Huge houses generally use an enormous amount of energy to heat and cool. They also consume much more building materials that might have their own environmental effects. In a move to eliminate such wastefulness, little homes are currently being preferred permitting one to conserve energy and prevent unnecessary degradation of natural resources.
Nothing could be more comfortable for mind and body than living in an excellent solar-heated house. If designed ecologically, fantastic passive solar energy supplies only enough sunlight into the chambers to be absorbed by the surrounding thermal mass which acts as a heat battery and provides the warmth back in the room once the sun goes down. Crushed volcanic rock and straw bales make for great thermal mass insulation and layouts in a green house
Among the several approaches to conserve fossil fuel and create electricity are utilizing the natural powers of sunlight, wind, or water.
Using low water capacity bathrooms, flow restrictors in shower heads and faucet aerators are presently being used as a component of sustainable architecture. More revolutionary water conservation approaches include deflecting grey water from bathing, clothes washing and bathroom sinks to watering plants; catching rainwater from roofs and paved areas for national use. Landscaping with drought-tolerant plants may also save water.

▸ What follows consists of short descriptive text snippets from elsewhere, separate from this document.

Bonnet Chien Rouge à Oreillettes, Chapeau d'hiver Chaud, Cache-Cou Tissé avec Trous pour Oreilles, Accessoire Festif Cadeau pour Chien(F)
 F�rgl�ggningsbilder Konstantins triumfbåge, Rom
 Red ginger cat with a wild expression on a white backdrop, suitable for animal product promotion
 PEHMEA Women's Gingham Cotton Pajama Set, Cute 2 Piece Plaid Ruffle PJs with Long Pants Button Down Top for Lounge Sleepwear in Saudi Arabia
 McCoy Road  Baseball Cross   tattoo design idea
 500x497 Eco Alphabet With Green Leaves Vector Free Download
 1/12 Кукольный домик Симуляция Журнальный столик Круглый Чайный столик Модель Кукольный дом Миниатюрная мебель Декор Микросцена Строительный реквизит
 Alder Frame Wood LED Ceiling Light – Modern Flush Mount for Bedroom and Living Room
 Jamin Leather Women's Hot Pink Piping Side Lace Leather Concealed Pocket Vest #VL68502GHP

Utilizing Local and Natural Materials
Nature has been benevolent enough to supply us with several materials to assemble, regardless of what region you reside in. If you use local materials for building, transporting and processing hassles are lessened thereby also keeping environmental and financial costs low. From both, an aesthetic and health viewpoint, building with natural materials helps sustainable growth. Natural materials would consist of rock, glass, lavender or lime plasters, adobe or rammed earth, bricks, tiles, untreated wood, cork, paper, reeds, bamboo, canes, and grasses in addition to all natural fibers. Adding plants in your living area can greatly improve the natural ambiance. Plants not only look nice, but they also release oxygen to the atmosphere, and a number of them can really filter some pollutants from the air.
Saving our Forests
While wood is most certainly a renewable source of energy we’ve gone beyond sustainable harvesting and destroyed our eco-systems through deforestation. Wood has to be utilized as small as possible and mainly for decorations. Cull dead trees for structural supports. Use masonry, straw bales; paper crepe, cob, adobe, stones, bags of volcanic rock, etc., rather than timber. Homes can be made with certified sustainably harvested trees. This means that the forests where the trees are cut down from are closely monitored to make sure that the health and temperament of the forest are preserved. Only certain trees have been culled occasionally, leaving the remaining trees to grow and contribute to a healthy ecosystem.
Among the critical elements of sustainable architecture is durability. If a building does not stand the test of time, it could be a waste of energy, from all perspective, human, resource and economical.